### THE RECORDS
******************************

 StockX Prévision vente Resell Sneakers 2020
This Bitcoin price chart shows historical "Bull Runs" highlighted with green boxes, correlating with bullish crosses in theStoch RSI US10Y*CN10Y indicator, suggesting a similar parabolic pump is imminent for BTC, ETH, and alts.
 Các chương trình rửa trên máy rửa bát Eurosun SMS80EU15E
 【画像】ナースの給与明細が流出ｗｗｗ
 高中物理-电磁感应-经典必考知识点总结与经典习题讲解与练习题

******************************

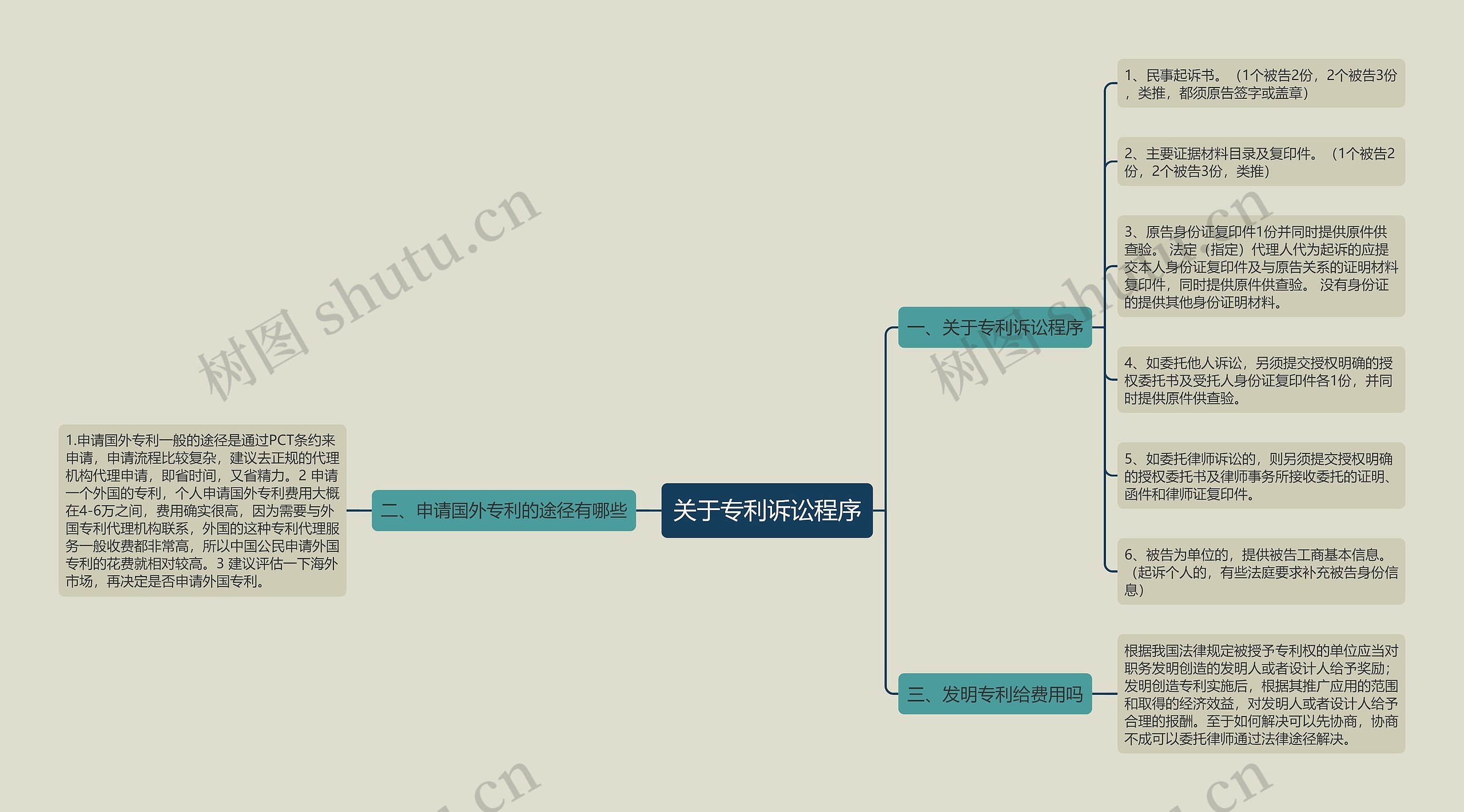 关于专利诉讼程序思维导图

******************************

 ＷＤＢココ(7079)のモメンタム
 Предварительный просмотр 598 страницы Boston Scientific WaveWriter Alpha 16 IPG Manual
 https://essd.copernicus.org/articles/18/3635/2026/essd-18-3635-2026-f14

******************************

### WHAT IS EXPECTED
In the entries above, please find the line with "StockX Prévision vente Resell Sneakers 2020" and the line with "高中物理-电磁感应-经典必考知识点总结与经典习题讲解与练习题", then write out exactly those two lines and every line between them, and nothing more.

### SOLUTION
 StockX Prévision vente Resell Sneakers 2020
This Bitcoin price chart shows historical "Bull Runs" highlighted with green boxes, correlating with bullish crosses in theStoch RSI US10Y*CN10Y indicator, suggesting a similar parabolic pump is imminent for BTC, ETH, and alts.
 Các chương trình rửa trên máy rửa bát Eurosun SMS80EU15E
 【画像】ナースの給与明細が流出ｗｗｗ
 高中物理-电磁感应-经典必考知识点总结与经典习题讲解与练习题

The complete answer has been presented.